I’m not sure what, specifically, this book is really about – either that or I’ve been beat over the head with a “message.” Lydia Lee, a teenage girl from a bi-racial family, goes missing and is found dead in a boat in the pond. Her brother suspects the neighbor boy who was “courting” Lydia had something to do with it. Suicide is the main direction the narrative suggests as the reason for the death.

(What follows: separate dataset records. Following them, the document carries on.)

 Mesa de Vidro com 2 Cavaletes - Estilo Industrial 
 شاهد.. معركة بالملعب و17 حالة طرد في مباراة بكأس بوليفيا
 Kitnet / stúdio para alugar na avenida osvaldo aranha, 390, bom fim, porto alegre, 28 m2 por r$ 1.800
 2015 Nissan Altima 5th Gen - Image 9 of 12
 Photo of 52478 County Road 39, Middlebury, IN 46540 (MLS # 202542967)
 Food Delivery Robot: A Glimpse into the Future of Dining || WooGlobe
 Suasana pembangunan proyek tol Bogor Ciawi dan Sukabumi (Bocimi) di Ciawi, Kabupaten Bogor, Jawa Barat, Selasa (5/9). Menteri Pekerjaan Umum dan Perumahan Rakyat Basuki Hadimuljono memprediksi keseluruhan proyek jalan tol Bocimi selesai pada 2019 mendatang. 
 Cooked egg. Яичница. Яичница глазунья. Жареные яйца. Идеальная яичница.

But the majority of the narrative and the themes are not about a suicide or possible crime. Actually the death and investigation feels like a 21st century frame although the most contemporary parts take place in the 1970s. And to this Ng has attached a few main themes – the difficulties of a bi-racial marriage in the 1950s and bi-racial children in the 1960s, women’s roles and realities vs their dreams between the 1950s and the 1970s, the dreams some parents try to push on their children in all times, sibling love and “roles,” and the all-purpose 21st century theme of (ta-da) “memory.” No matter what you read on the blurbs – this is not a “thriller” in any sense of the word – it may be a mystery for a while.
So the disappearance and death of Lydia Lee take place some time in the late 1970s, and then reader is taken back in time to the lives and memories of the victim’s parents, Marilyn, a caucasian homemaker, and James Lee, her professor husband of Chinese immigrant descent. James was Marilyn’s professor and now, in his sorrow, he’s having an affair with another student from his department. Marilyn is a frustrated medical researcher who has been stuck in in the traditional wife role of a marriage. But she had dreams and pushes for better things for her own daughter. James had a difficult childhood with few friends, so he pushes his daughter for better things. Meanwhile, Nathan is very bright and does well but his accomplishments are ignored while Hannah is a rather unknown quantity and neglected.
The memories and ideas of Nathan and Hannah are also revealed – and of course the memories differ in ways. The narration turns to the point of view of Lydia herself a few times, but it’s always 3rd person so nothing “ghostly.”
On the plus side the character are well drawn and Ng writes very nicely so if you like to read these kinds of relationship dramas then I would disregard my rating – it may quite easily be a matter of taste – there are plenty of great reviews out there.
One more thing, Campbell, the reader, has a soft breathy voice, regularly dropping the last word of each sentence making a fall-asleep pattern. The book may be better in a print edition.